2004-06-16 19:32:30

by Peter Cordes

[permalink] [raw]
Subject: x86-64: double timer interrupts in recent 2.4.x


Nobody replied to this message on [email protected], or
[email protected]. Hopefully I've found the right places to send this this
time around. Actually, Roland Fehrenbacher saw my message in a list archive
and mailed me to confirm that he saw the same double-speed clock problem on
two different machines, so it's not just Tyan S2880 boards. He suggested I
mail Andi and lkml, so here goes. (I haven't tested again with anything more
recent than 2.4.27-pre2, so if this is fixed, sorry.)

-----

I just noticed that on my Opteron cluster, the nodes that are running 64bit
kernels have their clocks ticking at double speed.

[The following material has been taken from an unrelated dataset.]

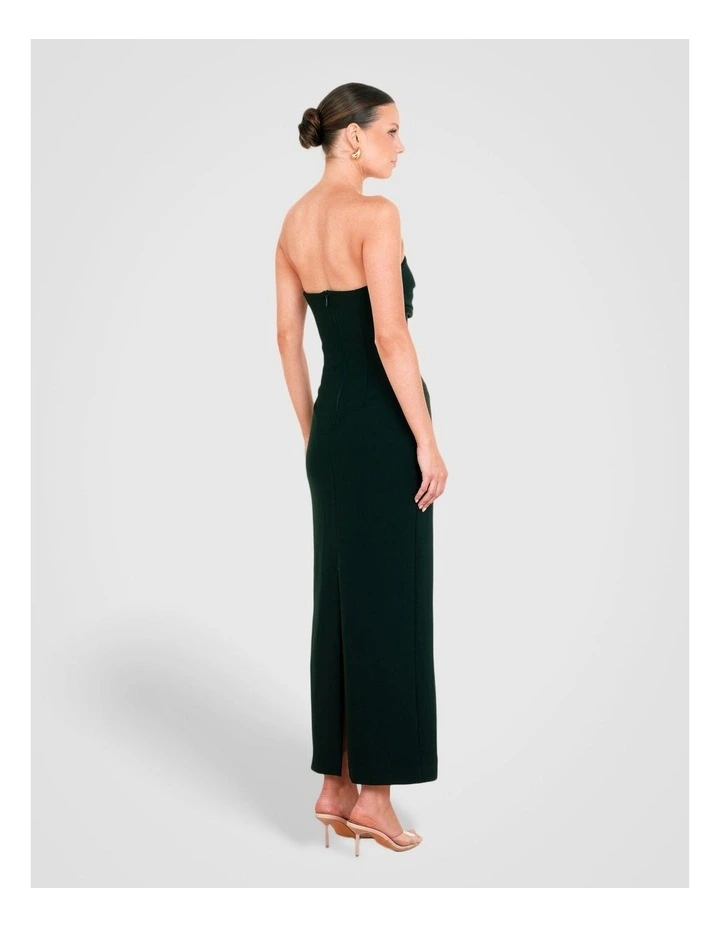 Madiera Strapless Gown in Emerald image 2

This happens with
Linux 2.4.26, and 2.4.27-pre2, compiled with gcc 3.3.3 (Debian 20040401) in a
Debian pure64 chroot. Linux 2.4.25, compiled on Debian Woody + bi-arch gcc
3.3.2 20030908, does _not_ have the problem. The config options were pretty
much the same for all kernels, and all the kernels are plain vanilla flavour
from http://www.ca.kernel.org.

If I run ntpdate to set the clock, then 10 seconds later it will be 10
seconds fast. Running date(1), the system time advances 20 seconds in 10
seconds of real time. (I haven't done anything weird with adjtimex(8).)
time sleep 10 takes 5 seconds, but bash reports its real time as 10 seconds.
The timer interrupt counter is increasing at a rate of 200/real second, so
it seems like the system is getting timer interrupts twice as fast as it
should. (With 2.4.25, it is 100/sec, same as HZ).

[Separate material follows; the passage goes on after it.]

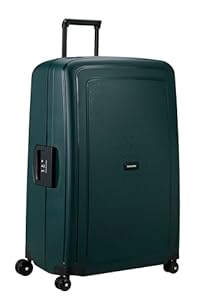 Samsonite S'Cure - Hartschalenkoffer 81 cm Extra Groß - Trolley Koffer mit 4 Rollen, TSA-Schloss, Leicht - 138 L - Grün (Dark Teal)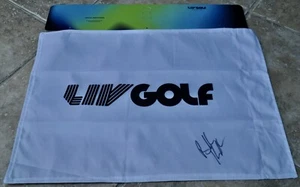 18th Hole LIV Golf Flag Signed By Brooks Koepka US Open PGA Smash With COA - Picture 1 of 4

Linux says it is using the PIT and TSC timers. I have HPET enabled in my
Linux config, but I guess Tyan's S2880 mobo doesn't have one. This is a
dual-Opteron 240 machine, BTW.

i386 Linux on the same machines has no problems with timekeeping. (But I
haven't tested versions later than 2.4.25 in legacy mode.)

I spent some time poking around the timer code that increments xtime, but I
guess the fact that the timer irqs are coming at double speed indicates that
the problem lies elsewhere. Maybe the code that sets up the timer?

$ uname -a
Linux node6.cs.dal.ca 2.4.26 #2 SMP Fri May 14 14:46:42 ADT 2004 x86_64 x86_64 x86_64 GNU/Linux
$ cat /proc/interrupts
CPU0 CPU1
0: 4415908 0 IO-APIC-edge timer
1: 2 0 IO-APIC-edge keyboard
2: 0 0 XT-PIC cascade
9: 0 0 IO-APIC-level acpi
14: 17861 1 IO-APIC-edge ide0
19: 0 0 IO-APIC-level usb-ohci, usb-ohci
24: 563942 0 IO-APIC-level eth0
25: 564331 0 IO-APIC-level eth1
NMI: 19097 19097
LOC: 2211090 2211095
ERR: 0
MIS: 0

Only CPU0 is getting the timer interrupt, but at least we know it's not
that both CPUs are getting the timer interrupt. (Both CPUs get 100 LOC:
(local APIC) interrupts/sec, but that happens on the non-buggy 2.4.25, too.)

Thanks for any help,

I'm not subscribed to the lkml, so please CC me on any followups.

--
#define X(x,y) x##y
Peter Cordes ; e-mail: X(peter@cor , des.ca)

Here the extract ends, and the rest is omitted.